Xenakis et al. [6] work with DDMS on emulator and phones without 
mentioning how they were prepared. Later in [7] they described using 
LiME but mentioned some of the limitations I see: “1. It requires rooted 
devices […] 2. […] The source code of kernel is not always available 
[…]3. It requires the config.gz file […].”

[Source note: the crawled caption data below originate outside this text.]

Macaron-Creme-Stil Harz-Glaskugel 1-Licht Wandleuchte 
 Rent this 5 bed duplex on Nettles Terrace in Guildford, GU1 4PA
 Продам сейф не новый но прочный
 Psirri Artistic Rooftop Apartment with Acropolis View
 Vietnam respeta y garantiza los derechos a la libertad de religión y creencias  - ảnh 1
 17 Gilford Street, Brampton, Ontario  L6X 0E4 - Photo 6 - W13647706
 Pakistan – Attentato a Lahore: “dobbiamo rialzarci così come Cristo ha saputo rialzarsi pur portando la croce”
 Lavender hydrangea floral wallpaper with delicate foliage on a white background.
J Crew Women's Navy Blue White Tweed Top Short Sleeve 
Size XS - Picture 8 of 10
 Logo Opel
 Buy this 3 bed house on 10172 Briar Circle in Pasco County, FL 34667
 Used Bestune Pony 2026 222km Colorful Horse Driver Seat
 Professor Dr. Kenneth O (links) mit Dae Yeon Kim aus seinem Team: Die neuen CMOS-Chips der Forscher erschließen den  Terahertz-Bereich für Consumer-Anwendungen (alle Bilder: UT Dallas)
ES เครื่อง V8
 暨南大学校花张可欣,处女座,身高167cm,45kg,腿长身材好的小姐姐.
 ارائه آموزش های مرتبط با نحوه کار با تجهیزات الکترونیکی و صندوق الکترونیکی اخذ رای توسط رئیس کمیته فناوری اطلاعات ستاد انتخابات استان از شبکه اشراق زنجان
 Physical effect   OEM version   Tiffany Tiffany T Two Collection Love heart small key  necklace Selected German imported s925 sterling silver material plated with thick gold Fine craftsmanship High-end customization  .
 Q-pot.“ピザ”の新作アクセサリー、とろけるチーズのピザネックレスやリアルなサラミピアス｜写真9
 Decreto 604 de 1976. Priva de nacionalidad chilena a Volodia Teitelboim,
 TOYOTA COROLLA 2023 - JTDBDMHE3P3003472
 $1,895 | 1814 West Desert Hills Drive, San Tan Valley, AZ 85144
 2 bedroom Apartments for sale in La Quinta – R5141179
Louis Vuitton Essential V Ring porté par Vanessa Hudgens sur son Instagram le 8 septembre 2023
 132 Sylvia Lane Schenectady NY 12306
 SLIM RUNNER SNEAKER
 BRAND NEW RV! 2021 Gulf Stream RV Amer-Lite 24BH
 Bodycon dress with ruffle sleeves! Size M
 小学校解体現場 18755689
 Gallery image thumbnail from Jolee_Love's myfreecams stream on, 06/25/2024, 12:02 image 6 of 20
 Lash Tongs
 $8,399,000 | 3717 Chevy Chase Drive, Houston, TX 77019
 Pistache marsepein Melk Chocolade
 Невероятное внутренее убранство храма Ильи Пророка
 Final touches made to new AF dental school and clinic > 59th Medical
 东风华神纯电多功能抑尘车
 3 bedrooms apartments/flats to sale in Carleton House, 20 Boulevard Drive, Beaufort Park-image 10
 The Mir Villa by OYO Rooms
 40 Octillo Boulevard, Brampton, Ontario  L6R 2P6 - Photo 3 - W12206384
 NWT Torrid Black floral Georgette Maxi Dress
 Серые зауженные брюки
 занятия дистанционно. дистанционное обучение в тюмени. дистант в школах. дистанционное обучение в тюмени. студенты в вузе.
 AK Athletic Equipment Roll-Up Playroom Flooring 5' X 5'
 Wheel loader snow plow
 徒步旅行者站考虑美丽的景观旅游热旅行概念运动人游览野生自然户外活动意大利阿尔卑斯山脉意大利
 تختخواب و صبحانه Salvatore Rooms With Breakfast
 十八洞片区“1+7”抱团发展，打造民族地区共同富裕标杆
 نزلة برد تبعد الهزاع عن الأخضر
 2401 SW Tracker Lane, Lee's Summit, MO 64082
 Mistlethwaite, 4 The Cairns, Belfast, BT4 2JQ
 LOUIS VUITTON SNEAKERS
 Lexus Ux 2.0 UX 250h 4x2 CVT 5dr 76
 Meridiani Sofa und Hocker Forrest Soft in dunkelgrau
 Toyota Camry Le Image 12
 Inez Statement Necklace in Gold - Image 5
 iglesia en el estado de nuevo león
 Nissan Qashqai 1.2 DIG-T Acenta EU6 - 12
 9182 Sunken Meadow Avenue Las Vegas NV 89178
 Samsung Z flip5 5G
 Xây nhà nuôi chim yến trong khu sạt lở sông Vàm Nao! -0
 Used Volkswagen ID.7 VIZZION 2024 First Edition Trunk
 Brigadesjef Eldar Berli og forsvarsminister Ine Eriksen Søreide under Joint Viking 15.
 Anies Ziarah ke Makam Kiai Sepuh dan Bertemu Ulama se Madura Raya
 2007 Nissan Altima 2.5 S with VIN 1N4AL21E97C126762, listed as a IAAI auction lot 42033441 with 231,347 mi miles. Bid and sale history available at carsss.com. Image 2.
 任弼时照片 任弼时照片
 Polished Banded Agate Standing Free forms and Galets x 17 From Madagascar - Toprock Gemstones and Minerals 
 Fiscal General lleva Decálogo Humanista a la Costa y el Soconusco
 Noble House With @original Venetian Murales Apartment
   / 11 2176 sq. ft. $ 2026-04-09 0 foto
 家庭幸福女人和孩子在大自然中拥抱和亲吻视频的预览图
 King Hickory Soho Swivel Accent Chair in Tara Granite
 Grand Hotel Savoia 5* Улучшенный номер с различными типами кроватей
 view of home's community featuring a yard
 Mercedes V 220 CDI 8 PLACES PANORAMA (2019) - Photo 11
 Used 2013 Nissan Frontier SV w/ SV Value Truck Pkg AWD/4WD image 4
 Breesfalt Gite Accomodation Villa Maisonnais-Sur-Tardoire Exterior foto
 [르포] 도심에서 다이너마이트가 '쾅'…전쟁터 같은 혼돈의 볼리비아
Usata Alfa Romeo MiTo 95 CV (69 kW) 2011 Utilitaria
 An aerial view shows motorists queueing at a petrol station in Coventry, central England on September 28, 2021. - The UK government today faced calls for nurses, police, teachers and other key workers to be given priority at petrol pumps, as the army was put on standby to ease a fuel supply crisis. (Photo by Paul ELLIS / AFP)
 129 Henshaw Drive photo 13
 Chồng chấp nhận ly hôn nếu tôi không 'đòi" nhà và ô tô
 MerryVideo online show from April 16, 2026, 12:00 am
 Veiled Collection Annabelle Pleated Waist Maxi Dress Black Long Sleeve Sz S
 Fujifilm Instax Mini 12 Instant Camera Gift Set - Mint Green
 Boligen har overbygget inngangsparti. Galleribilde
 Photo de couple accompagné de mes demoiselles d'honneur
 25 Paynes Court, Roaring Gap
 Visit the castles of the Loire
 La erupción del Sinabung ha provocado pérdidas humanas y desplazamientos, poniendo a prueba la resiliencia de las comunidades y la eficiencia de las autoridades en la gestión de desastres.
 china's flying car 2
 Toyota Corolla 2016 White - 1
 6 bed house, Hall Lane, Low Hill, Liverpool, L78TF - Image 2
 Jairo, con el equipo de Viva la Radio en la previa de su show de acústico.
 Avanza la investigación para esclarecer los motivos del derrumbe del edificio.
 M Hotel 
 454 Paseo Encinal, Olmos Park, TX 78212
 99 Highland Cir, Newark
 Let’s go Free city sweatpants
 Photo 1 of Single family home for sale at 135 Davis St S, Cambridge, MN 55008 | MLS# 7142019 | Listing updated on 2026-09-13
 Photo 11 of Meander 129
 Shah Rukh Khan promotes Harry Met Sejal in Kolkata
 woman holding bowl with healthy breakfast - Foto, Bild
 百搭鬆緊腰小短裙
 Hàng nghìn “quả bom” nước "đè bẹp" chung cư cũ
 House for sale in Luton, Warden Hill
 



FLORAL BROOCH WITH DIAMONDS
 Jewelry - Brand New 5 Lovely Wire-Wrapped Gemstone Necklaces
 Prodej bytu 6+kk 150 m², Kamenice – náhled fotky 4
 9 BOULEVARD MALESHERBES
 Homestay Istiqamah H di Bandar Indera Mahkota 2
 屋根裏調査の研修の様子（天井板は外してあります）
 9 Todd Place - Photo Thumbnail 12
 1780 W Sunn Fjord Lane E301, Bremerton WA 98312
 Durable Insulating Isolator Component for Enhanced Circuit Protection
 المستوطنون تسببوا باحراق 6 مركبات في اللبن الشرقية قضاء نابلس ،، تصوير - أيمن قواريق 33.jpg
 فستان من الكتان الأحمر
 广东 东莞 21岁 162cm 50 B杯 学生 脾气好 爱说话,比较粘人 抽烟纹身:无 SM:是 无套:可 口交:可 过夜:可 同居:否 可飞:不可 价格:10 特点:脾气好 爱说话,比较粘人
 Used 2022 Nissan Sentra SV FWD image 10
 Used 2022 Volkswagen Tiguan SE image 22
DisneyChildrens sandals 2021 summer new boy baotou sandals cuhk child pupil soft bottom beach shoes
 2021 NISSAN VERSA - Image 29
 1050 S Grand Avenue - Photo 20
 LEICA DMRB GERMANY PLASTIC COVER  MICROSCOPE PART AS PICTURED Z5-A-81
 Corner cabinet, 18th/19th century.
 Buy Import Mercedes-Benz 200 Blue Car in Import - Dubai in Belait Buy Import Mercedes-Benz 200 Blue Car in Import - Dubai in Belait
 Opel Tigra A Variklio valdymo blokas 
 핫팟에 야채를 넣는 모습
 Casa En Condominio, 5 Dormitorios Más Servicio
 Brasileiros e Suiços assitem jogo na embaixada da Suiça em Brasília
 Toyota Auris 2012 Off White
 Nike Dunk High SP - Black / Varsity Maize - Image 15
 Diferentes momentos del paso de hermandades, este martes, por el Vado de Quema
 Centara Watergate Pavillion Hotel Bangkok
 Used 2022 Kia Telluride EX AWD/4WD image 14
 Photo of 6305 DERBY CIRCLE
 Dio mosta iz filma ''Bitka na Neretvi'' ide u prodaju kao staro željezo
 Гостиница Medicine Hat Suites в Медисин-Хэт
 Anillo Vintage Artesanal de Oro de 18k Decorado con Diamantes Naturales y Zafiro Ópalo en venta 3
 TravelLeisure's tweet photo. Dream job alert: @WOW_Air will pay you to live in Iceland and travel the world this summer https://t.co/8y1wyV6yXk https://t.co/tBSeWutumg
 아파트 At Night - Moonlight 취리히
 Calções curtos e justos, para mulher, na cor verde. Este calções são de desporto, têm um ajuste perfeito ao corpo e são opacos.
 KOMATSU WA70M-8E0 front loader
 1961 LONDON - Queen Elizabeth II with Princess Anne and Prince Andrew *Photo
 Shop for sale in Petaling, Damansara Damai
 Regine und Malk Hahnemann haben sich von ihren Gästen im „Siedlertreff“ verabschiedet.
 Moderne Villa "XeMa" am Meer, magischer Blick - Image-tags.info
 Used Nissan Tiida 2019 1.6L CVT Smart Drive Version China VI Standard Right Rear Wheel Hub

[1] Thing et al. (2010-08) - Live memory forensics of mobile phones
[2] Sylve (2011-12) - Android Memory Capture and Applications for 
Security and Privacy
[3] Sylve (2012-02) - Acquisition and analysis of volatile memory from 
android devices
[4] Ali-Gombe (2012-01) - Volatile Memory Message Carving - A per 
process basis Approach
[5] Macht (2013-01) - Live Memory Forensics on Android with Volatility
[6] Xenakis et al. (2013-04) - Discovering Authentication Credentials 
in Volatile Memory of Android Mobile Devices
[7] Xenakis et al. (2013-12) - Acquisition and Analysis of Android 

Thanks a lot and have a great weekend,

 From:    Joe Sylve
Sent:    Friday, May 30, 2014 3:41AM
To:      Andrew Case
Cc:      Vol-users, Masdif
Subject: Re: [Vol-users] LiME in real world Android forensics

> What andrew said us completely accurate.  What is your specific use 
> case
> (if I may ask)?
> On May 29, 2014 8:33 PM, "Andrew Case" <atcuno at gmail.com> wrote:
>> If phone is rooted you can then just insmod the compiled LiME module
>> into it.
>> If the phone is not rooted then the best case is temporarily rooting 
>> the
>> phone (using an exploit that does not require a reboot), and then 
>> using
>> the temp root access to load the module.
>> Thanks,
>> Andrew (@attrc)
>> On 5/17/2014 8:10 AM, masdif wrote:
>>> Hi all,
>>> Android Memory acquisition will be part of a paper I have to write. 
>>> So
>>> far I have no problem to follow the description for an AVD on
>>> https://code.google.com/p/volatility/wiki/AndroidMemoryForensic
>>> Please excuse this noob question (and my bad English) but I'm going
>>> crazy figuring this out:
>>> Can LiME be used in real life Android forensics that is Android 
>>> memory
>>> is acquired without having to reboot the Android device beforehand?
>>> Let's say:
>>> I get an running Android mobile phone and for some lucky reason it 
>>> is
>>> both rooted and the user interface unlocked. (Are there any 
>>> statistics
>>> available how often this is the case?) My task is to acquire its 
>>> RAM.
>>> As far as I understood in order to use Lime for RAM acquisition I 
>>> have to
>>> a) get the Android kernel's source code from the manufacturer,
>>> b) cross compile a new kernel with some settings for later being 
>>> able to
>>> insmod the LiME kernel module,
>>> c) flash the compiled kernel onto the phone and
>>> d) reboot the phone to get the new kernel running, which
>>> e) destroys all the RAM I wanted to acquire, before I can
>>> f) insmod LiME.
>>> Please be patient and give me a hint where I'm going wrong?!
>>> All papers I found so far used prepared phones.